I really feel that I lucked out with my visiting family. They emailed me before I even arrived in Copenhagen, introducing themselves and expressing their excitement to meet me; they even invited me to spend a night at their house during the first weekend that I spent in Denmark. My family consists of the Mom and Dad, named Max and Inge, and their four kids: Anders, Tine, Bente, and Lise. At first we emailed back and forth, but now I am Facebook friends with all of them, and I mostly make plans with the family through Facebook messages.

The first weekend I was in Denmark, I took a train to my family’s house in Roskilde, which is a 30-minute train ride from the center of Copenhagen. Max and Inge met me at the train station, and we walked to their house. The first thing that struck me when we arrived was their beautiful yard. It was small, but filled with countless apple trees, tomato plants, and even a small chicken coop with four chickens in it. Most surprising of all was the fact that they keep bees! They have a small apiary enclosure and out front, they have a sign advertising that they sell honey. When I left the next day, they sent me home with a big jar of their delicious homemade honey.

Everyone in their family takes turns making dinner each night, and the night that I visited, Bente, who is 16, was making lasagna from scratch—including the pasta. I was amazed and excited to watch as she made the dough from eggs and flour and then carefully fed it through a small machine that flattened the dough into thin slices as she cranked the handle. The lasagna turned out to be delicious, and I loved the fact that each member of the family, including the kids, all took turns cooking dinner. It created a more equal environment where everyone was happy to help one another.

The next day we had a traditional Danish breakfast, which included a layout of dried cereal, a type of oatmeal called muesli, yogurt, bread, cheese, and various jams and sandwich meats.
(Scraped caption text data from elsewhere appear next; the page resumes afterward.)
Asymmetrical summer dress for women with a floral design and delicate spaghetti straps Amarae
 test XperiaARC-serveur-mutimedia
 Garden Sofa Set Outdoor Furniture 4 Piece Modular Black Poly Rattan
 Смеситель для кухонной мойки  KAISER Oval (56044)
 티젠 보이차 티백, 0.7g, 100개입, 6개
Afterwards, we rode bikes over to a forest in Roskilde. Inge and Max had planned for us to go orienteering, which is a popular activity in Denmark. Orienteering is a kind of scavenger hunt in the woods where, equipped with a map and a compass, you must run to find certain checkpoints at which you stamp your map to prove that you have visited each spot. Being in the forest was a nice breath of fresh air compared to Copenhagen where, as in any big city, there is lots of noise, lots of smells, and not so many trees. After biking along the beautiful rolling hills of Roskilde for a few more hours and stopping to pick elderberries, we returned home to have a mid afternoon snack of “pancakes,” which is what Danes call crepes.

Needless to say, this first experience that I had with meeting Danes gave me the encouragement I needed to put myself out there and meet more. While I love my living situation because it allows me to live right in the city with only a small commute to class, I feel that spending time with a real Danish family is a very important cultural experience to have while abroad, and I am so glad that this program gives me the opportunity to do so. Although I don’t live with the family, I still get the chance to practice my Danish, try Danish foods to which I would not otherwise have been exposed, and to find out what it is really like to be a part of a family in foreign country. I wouldn’t trade it for anything!